▶ [Exercise data]
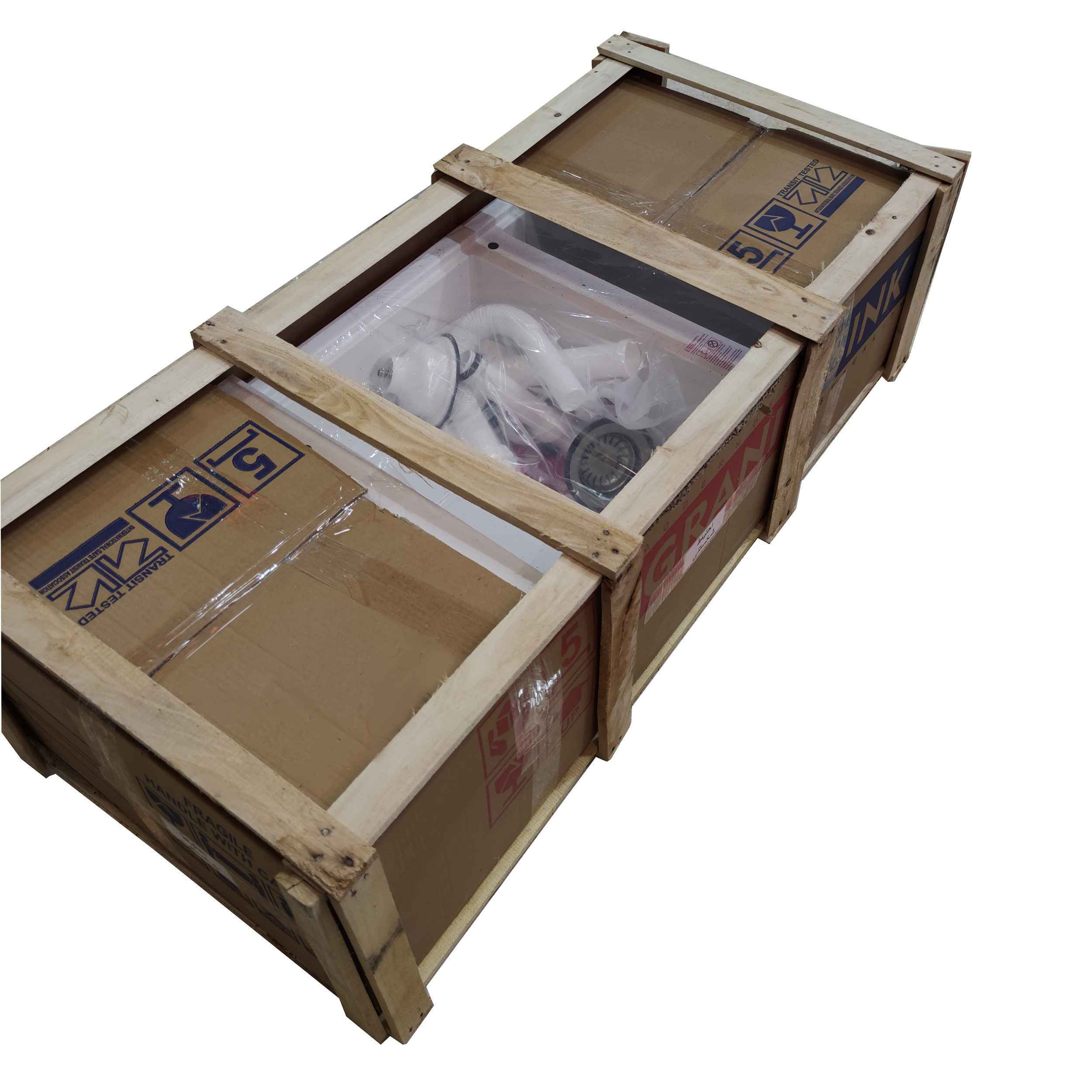 سینک ظرفشویی مدل سامکو کد 202 توکار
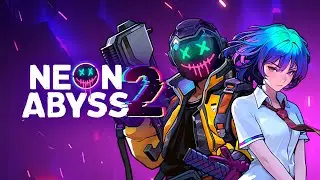 Der Boss ist echt &Uuml;bel #05 I Roguelike Action Plattformer I Neon Abyss 2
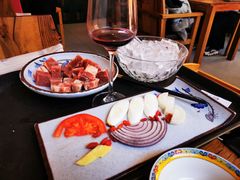 -毛辣果·贵州红酸汤牛肉火锅(西单店)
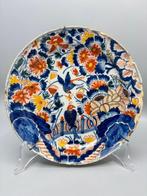 Delft, Plateelbakkerij - Johannes van Lockhorst - Bord -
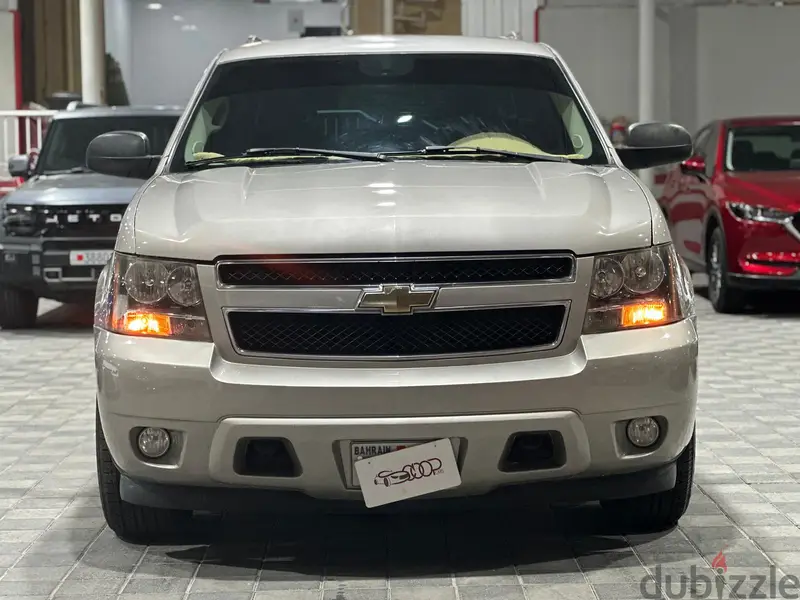 شيفروليه تاهو 2008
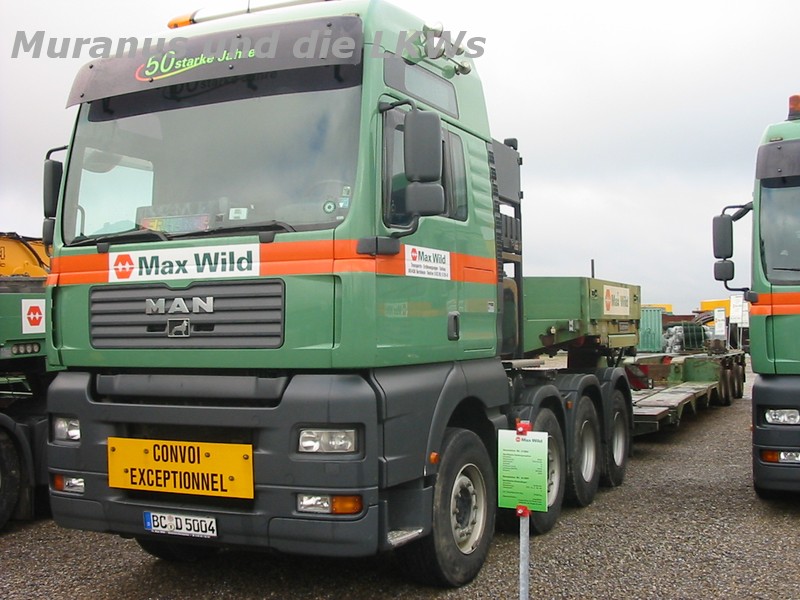 Open house in Berkheim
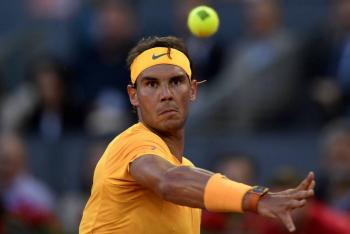 Rafa Nadal, sometido a una artroscopia para revisar su lesión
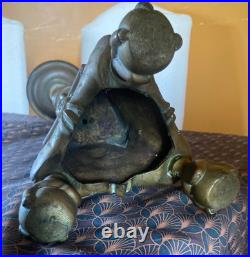 Candélabre en bronze Style Renaissance France XIXe siècle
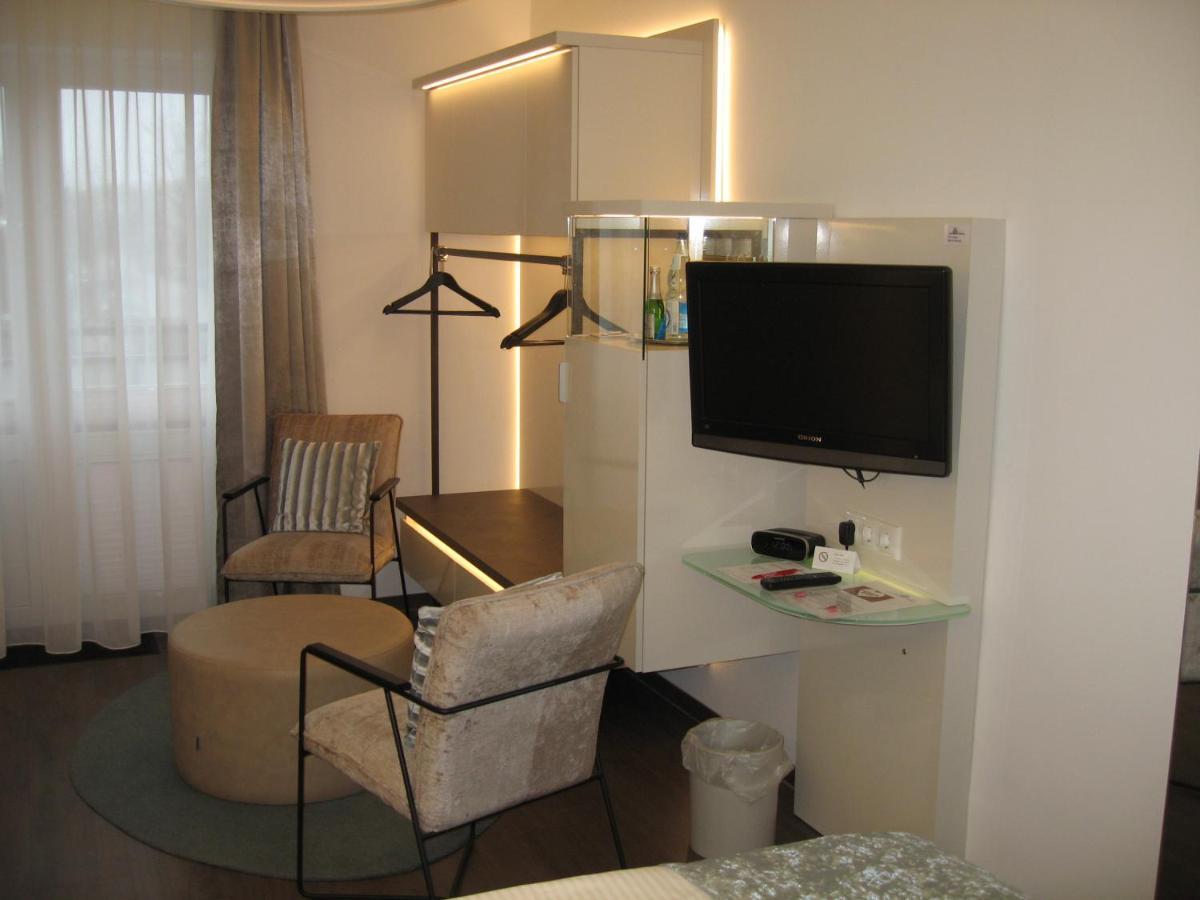 Hotel Windjammer Büsum Εξωτερικό φωτογραφία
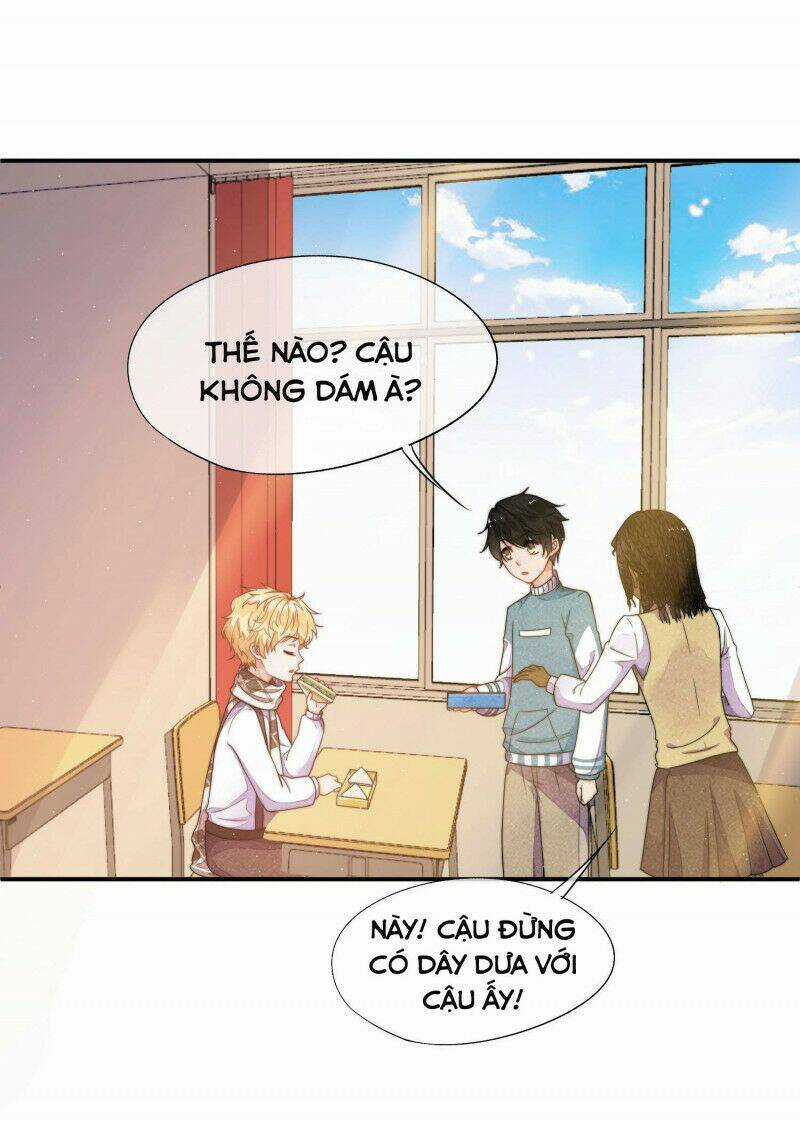 CẠNH KIẾM CHI PHONG - Chapter 2 - Trang 30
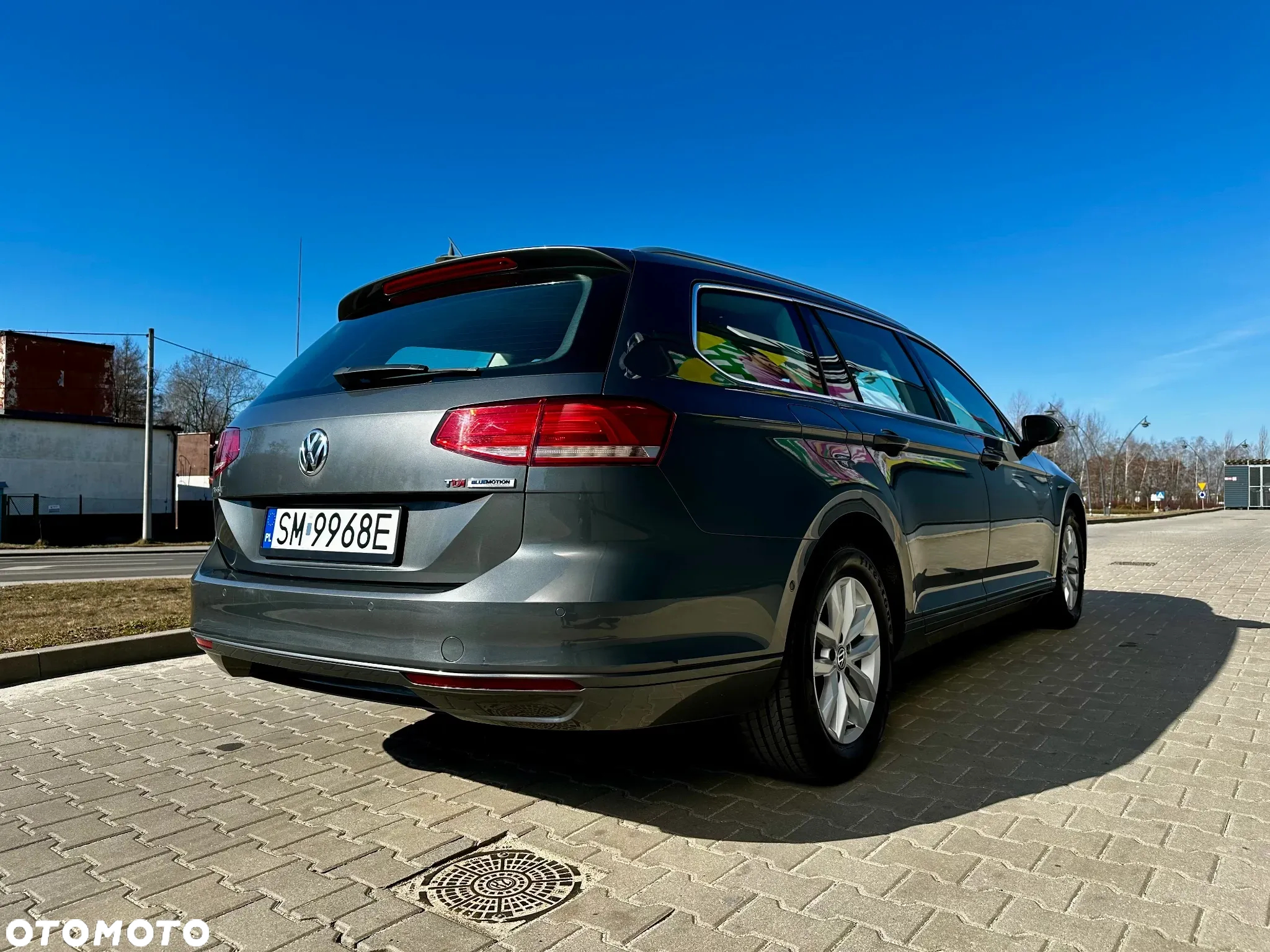 Volkswagen Passat 1.6 TDI BMT Comfortline - 7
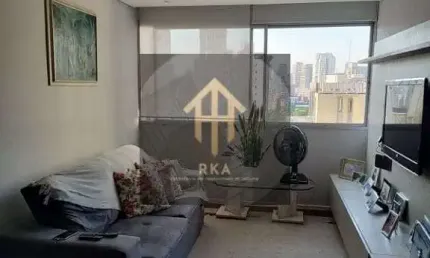 Apartamento à venda, 98 m² por r$ 1.184.000,00 - moema - são paulo/sp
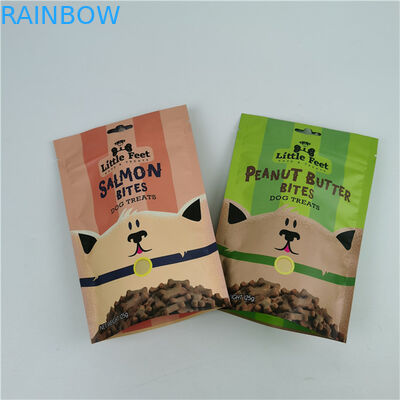 Produtos mais solicitados Sacos de comida para animais de estimação de alta qualidade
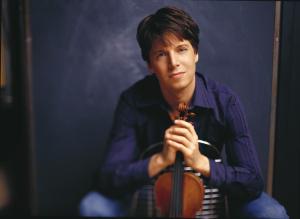 Joshua Bell, despite his US$ 3.000.000,00 Stradivarius, didn't live up to MY expectations.. for all they worth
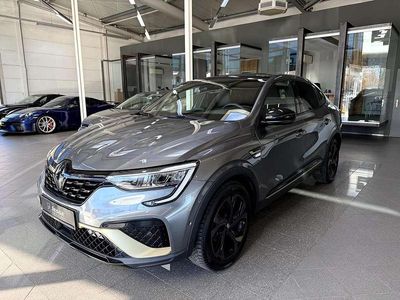 Gebraucht Renault Arkana R.S. 143 PS (105 kW) 2022 Grau SUV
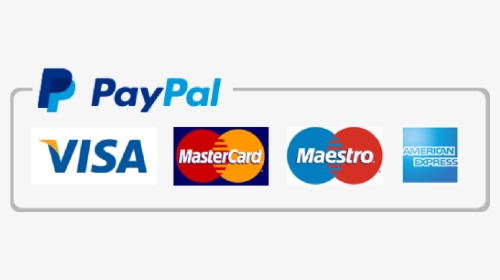 Paypal Payment Methods Icons, HD Png Download, Free Download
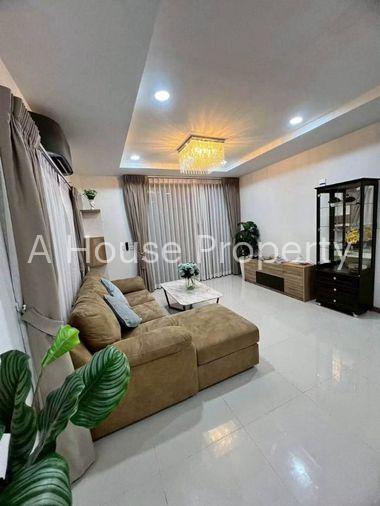 รูป ขายบ้านเดี่ยว 2 ชั้น หมู่บ้านธาดาพาร์ค เวลา บ่อวิน ศรีราชา ชลบุรี - รูปที่ 2/20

▶ [Problem statement] From the first line above to the last, reproduce the records exactly but without the pictures.

▶ [Solution to this problem]
 سینک ظرفشویی مدل سامکو کد 202 توکار
 Der Boss ist echt &Uuml;bel #05 I Roguelike Action Plattformer I Neon Abyss 2
 -毛辣果·贵州红酸汤牛肉火锅(西单店)
 Delft, Plateelbakkerij - Johannes van Lockhorst - Bord -
 شيفروليه تاهو 2008
 Open house in Berkheim
 Rafa Nadal, sometido a una artroscopia para revisar su lesión
 Candélabre en bronze Style Renaissance France XIXe siècle
 Hotel Windjammer Büsum Εξωτερικό φωτογραφία
 CẠNH KIẾM CHI PHONG - Chapter 2 - Trang 30
 Volkswagen Passat 1.6 TDI BMT Comfortline - 7
 Apartamento à venda, 98 m² por r$ 1.184.000,00 - moema - são paulo/sp
 Produtos mais solicitados Sacos de comida para animais de estimação de alta qualidade
 Joshua Bell, despite his US$ 3.000.000,00 Stradivarius, didn't live up to MY expectations.. for all they worth
 Gebraucht Renault Arkana R.S. 143 PS (105 kW) 2022 Grau SUV
 Paypal Payment Methods Icons, HD Png Download, Free Download
 รูป ขายบ้านเดี่ยว 2 ชั้น หมู่บ้านธาดาพาร์ค เวลา บ่อวิน ศรีราชา ชลบุรี - รูปที่ 2/20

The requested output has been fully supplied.